People often ask me how I keep going. They ask me how I can smile and laugh. They wonder how I can possibly make plans for the future and count on better days and moments ahead in the face of so much grief.
Some days it is harder than others. Some days I realize I am waiting for three calls from two different facilities for two different kids and it becomes overwhelming. The best way I can explain all of this rare disease parenting is just shy of unbearable. It really is. My life really is.
On those days, I often bounce back and forth between shock, helplessness, and anger.
Shock is easy. That’s the easiest one for me to deal with. In the sense that I don’t actually have to deal with it. It’s easy to ignore and go about my business. I spend a lot of time in shock. I literally have a hard time believing this is my life. That my children have to live this way. That we will always be worrying in some way about them and their health. Absolute shock.
Helplessness is excruciating. The helplessness rare parents feel is just crushing. It will bring me to my knees in despair in just moments. It makes me feel like my soul weighs about 800lbs. I feel as if I can’t quite catch my breath and I worry about things I won’t even allow myself to think in my mind, let alone say out loud or type out here for anyone to see. The helplessness is real, y’all. When others tell us they don’t know how we do it, we have no answers. No words of wisdom. In truth, we don’t know exactly HOW we do it. We just do it.
Anger. Oh, anger. Anger is another hard one. It feels slightly better than helplessness as anger often feels more productive. Blaming someone or something is better than the constant questioning of helplessness, isn’t it?
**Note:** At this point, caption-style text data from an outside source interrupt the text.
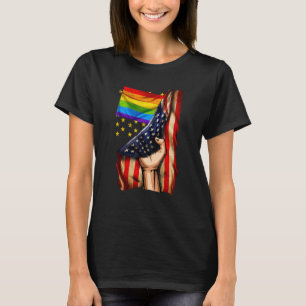 T-shirt Drapeau Arc-en-ciel Lgbt Gay L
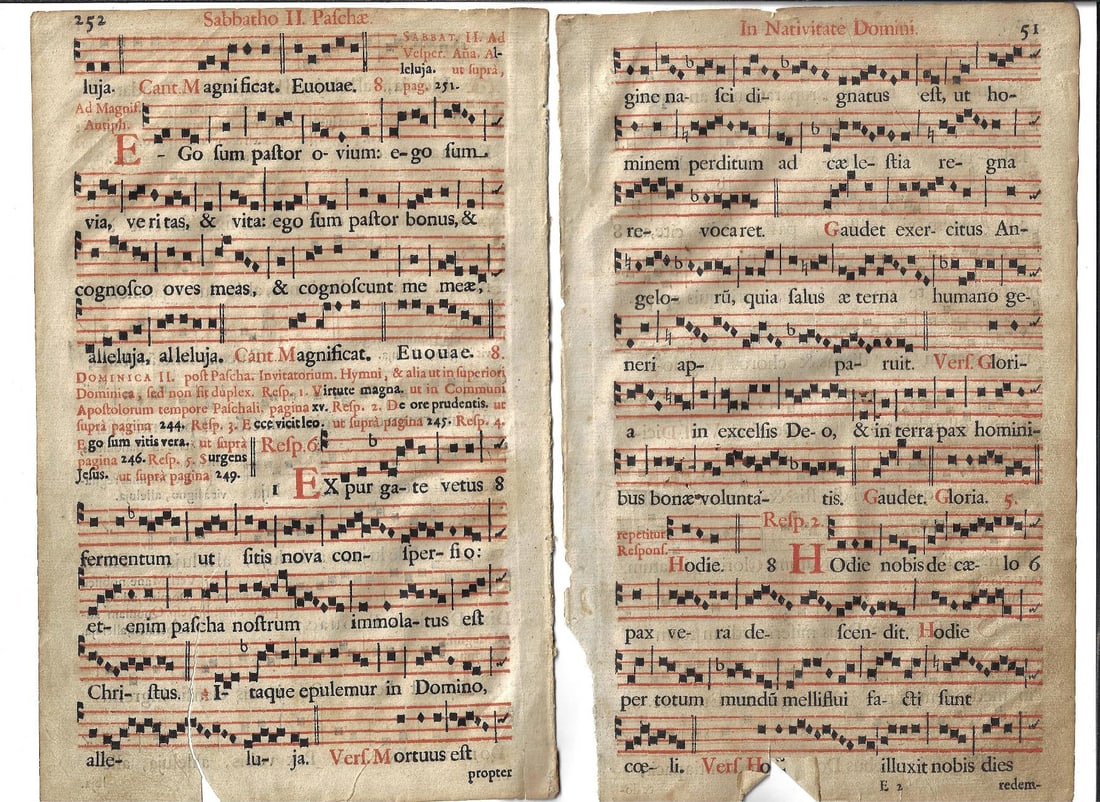 1669 Lot of Hymnal Leaves: Six Leaves from a Catholic hymnal printd in 1669. All have defects including some with loss, repairs, and tears. Measures 7 x 12" each. Reserve: $20.00 Shipping: Domestic: Flat-rate of $8.00 to anywhe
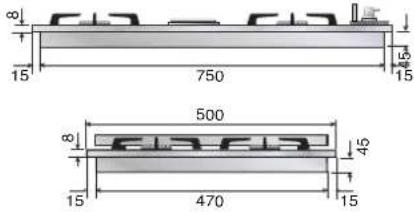 ILVE HPT1230D - Built-in tops' hole size - 7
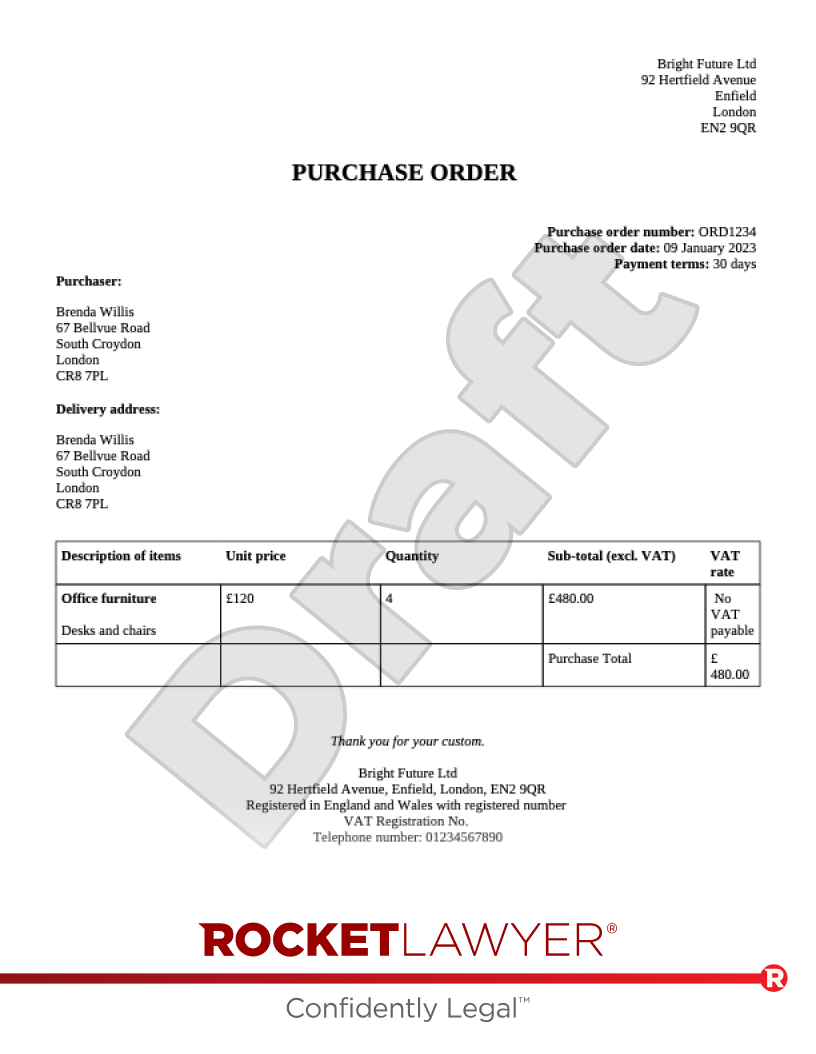 Purchase Order document preview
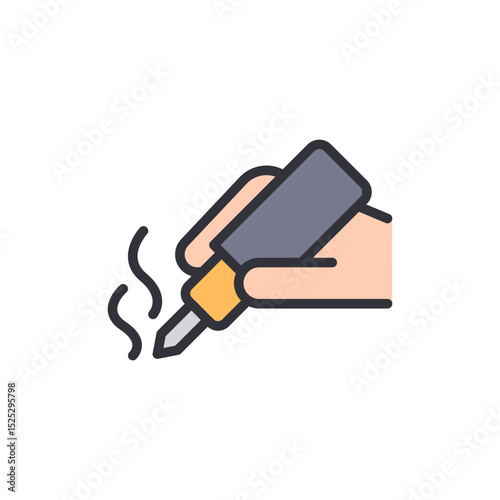 Hand Holding Soldering Iron With Smoke Effect On Transparent Background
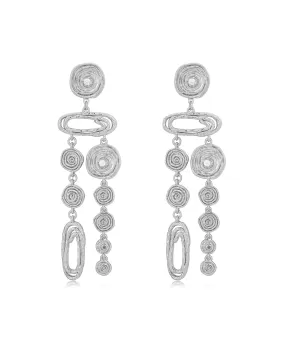 Molten Disc Statement Earrings- Silver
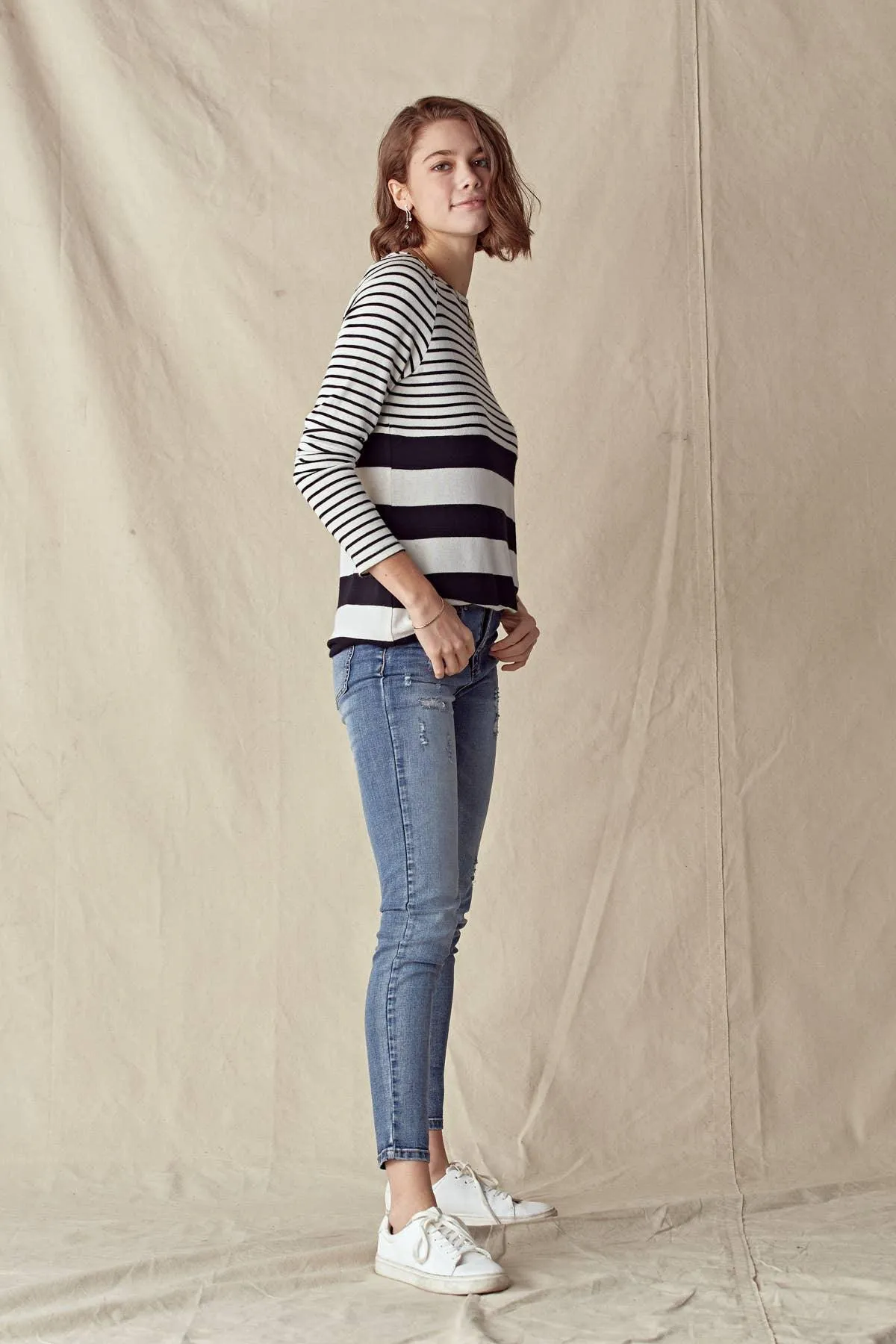 Mixed Stripe Knit Top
But in its’ own way, anger is a feeling with nowhere to go when you’re a rare mom (or dad). Where do you direct that anger? Where do you put those feelings? On disease? On medicine? On God? Where?
Sometimes my anger is directed on all of those places, and then some.
But really, what good is that? What good is it really, to be angry about your child’s diagnosis? Even if there were someone to “blame” (and there almost never is) what good would that do? What would that solve? Would it absolve you of your shock and helplessness? Nope. Would it somehow make the helplessness any less heavy? Also, nope.
Being angry about these things is like being mad at the wind. Sure, you can be annoyed that your hair is getting caught in your lip gloss as you walk to your car, but so what? Does the wind suddenly apologize and sit down? Nope.
Being mad at rare diseases is necessary for brief moments. Anger can be a powerful motivator. But in the long run, it’s not all that helpful.
In the long run, being angry will rob you of the joy in your day-to-day moments with your rare kiddo. And make no mistake, there is joy to be found in those moments. Plenty of it.
There is joy in people, in bonding, in grief, all of it. We have found plenty of joy in our journey.
The way I see it, we have two choices in this rare parenting life. We can view this as a season of grief with moments of joy or a season of joy with moments of grief. Your view will probably change regularly. But as long as you are able to find joy in your life with your rare kid, you’re winning. Even if it doesn’t feel like it.
Rare parents need a bit of anger from time to time. It replenishes our resolve to keep fighting for our kids. Just remember that being mad about life will drag you down if you sit in it for too long. So get up and find some joy when you can. Don’t rush it, but don’t put it off for too long either.
I mean really, what good is it to be mad at the wind anyway?